CA-AM is seeing strong growth in Euro-zone product, especially euro fixed-income, where their capacity is “…massive; it is very sophisticated and very good.” McEvatt sees continental houses having a slight competitive advantage in this area, where London may be perceived to be on the periphery.
“In June we introduced an equity product driven off our proprietary research and this is creating a lot of interest amongst major institutions. The development of buy-side research is a very important movement and we were one of the early entrants in the field. We now have a full industry-based team located in Paris and London and a funded track-record of almost two years. Our commitment to this was originally part of our search for incremental value-added in portfolio management. The apparent benefit prompted us to fund a research portfolio and client interest then encouraged us to find a way to introduce a front-line product. We now have a segregated portfolio structure and a fund class in our Luxembourg complex, CA-Funds.”
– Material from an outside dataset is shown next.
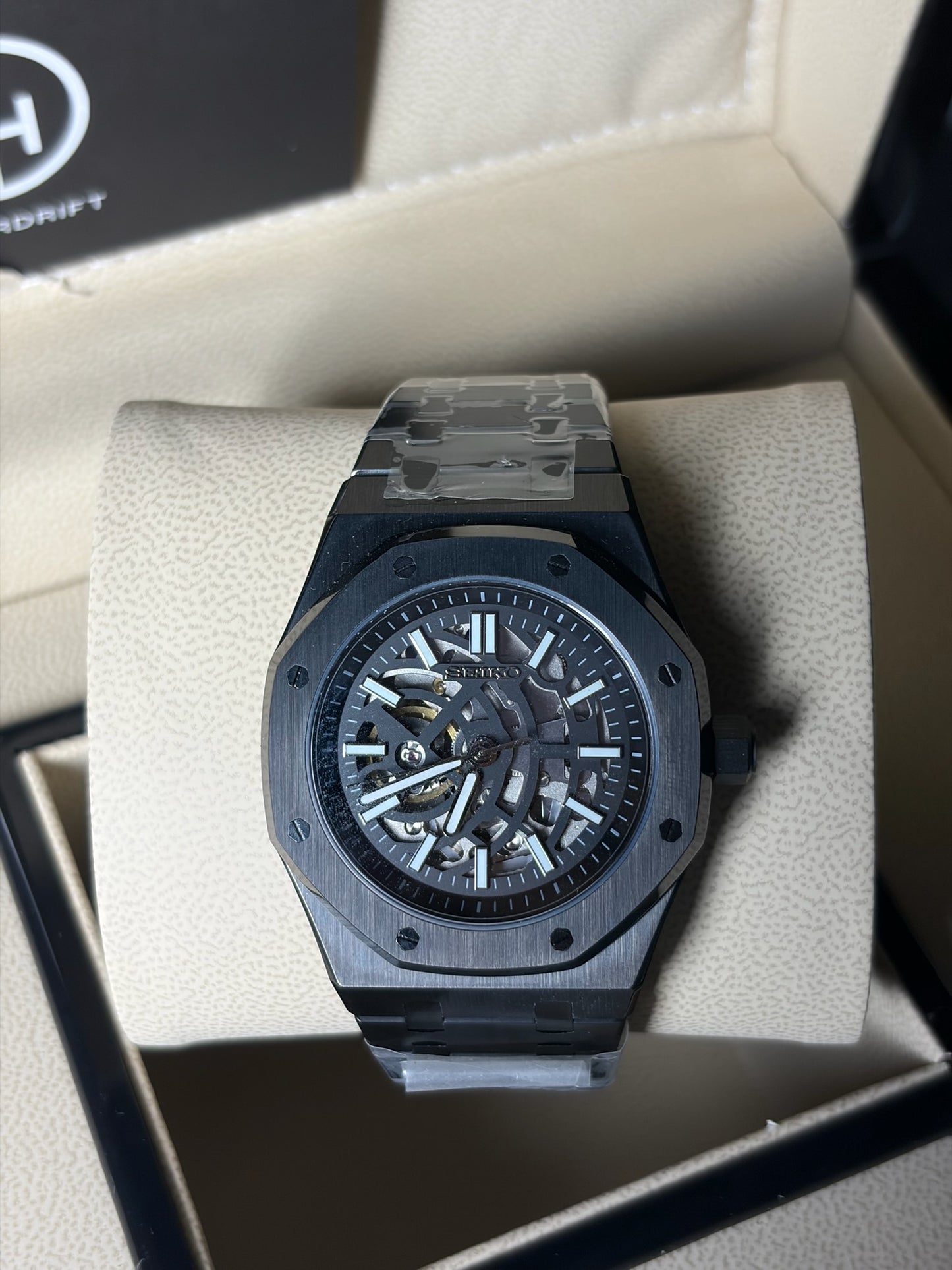 Seiko Mod Royal Oak Skeleton Black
“Our current development strategy is directed heavily towards organic growth. We are not consolidators or asset accumulators, so we are not on every investment bankers dance-card. Acquisition strategy is based on complementarity: we look to add competence or market presence which will enable us to leverage our core business.” The institutional market is the core of CA-AM’s international effort but this must now include wholesaling to distribution networks. “The growth of unit-linked insurance and defined-contribution pension arrangements is driving investment decision-making relentlessly towards the individual investor.”
McEvatt and his team are tuned into the emerging equity culture, as well as to the burgeoning alternatives sector “where we do excel”. This is a relatively small but very fast-growing sector, more so on the continent than the UK. “..but no matter when a Credit Agricole listing comes, we are open for business in the meantime.”